«Сюита Баха» Франсин Ланселот, премьера которой состоялась 16 апреля 1984 г., была гораздо более приемлемой ролью для 46-летнего исполнителя. Технически несложная, она также потакала стремлению Рудольфа к сложным небольшим элементам, которые переполняют его хореографию. Оливье Мерлен называет их «gargouillades, ronds de jambe, petits battements sur le cou-de-pied»[176]
в щебечущей манере балетов при дворе Людовика XIV». Сам король, танцевавший каждый день на протяжении двадцати лет, сделал любимый им вид искусства мужским делом, и Рудольф заботился о том, чтобы показывать себя в выгодном свете в этом королевском стиле.
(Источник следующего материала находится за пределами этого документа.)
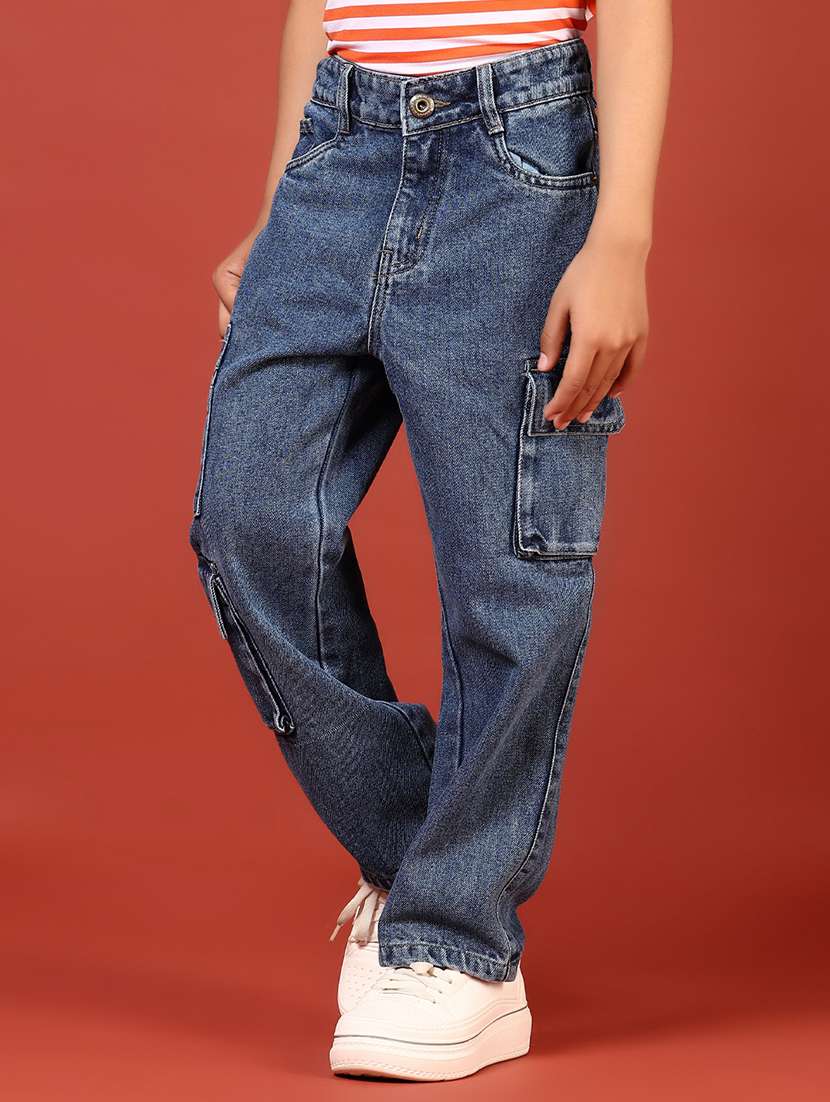 boys solid mid rise relaxed fit cargo - 21962884 -  Standard Image - 1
Понимая, что исполнение танца барокко – по сути, источника классического балета – может лишь обогатить его познания, он попросил ведущего специалиста по этому виду танца, историка Франсин Ланселот, создать для него специальную сольную партию. Представив ей весьма специфическое музыкальное произведение, Третью партиту для виолончели Баха, Рудольф не воздерживался от собственных хореографических идей. «В сарабанде, например, он практически исполнял элементы а-ля Марта Грэм. Некоторые называли это ересью, но меня это не шокировало. Даже во времена Рамо такие артисты, как мадемуазель Салле или Новерр, стремились к собственной интерпретации… к персонализации танца».Уроки «французского танца» в Вагановской школе дали Рудольфу базу, но Ланселот все же была поражена той простотой, с какой он усваивал сложные цепочки с инстинктивным пониманием аутентичных жестов. Она помнила, какой страх сцены он испытывал перед тем, как исполнить 20-минутное соло – «огромное одиночество на этой обширной сцене в обществе одного лишь виолончелиста». И все же Рудольф редко настолько ощущал себя в своей стихии. «У него была страсть к барокко, – говорит его коллега Жан-Люк Шоплен. – Он любил симметрию; интеллектуальные построения музыки Баха; он собирал рисунки балетных костюмов того периода. «Сюита Баха» стала для него очень большим удовольствием».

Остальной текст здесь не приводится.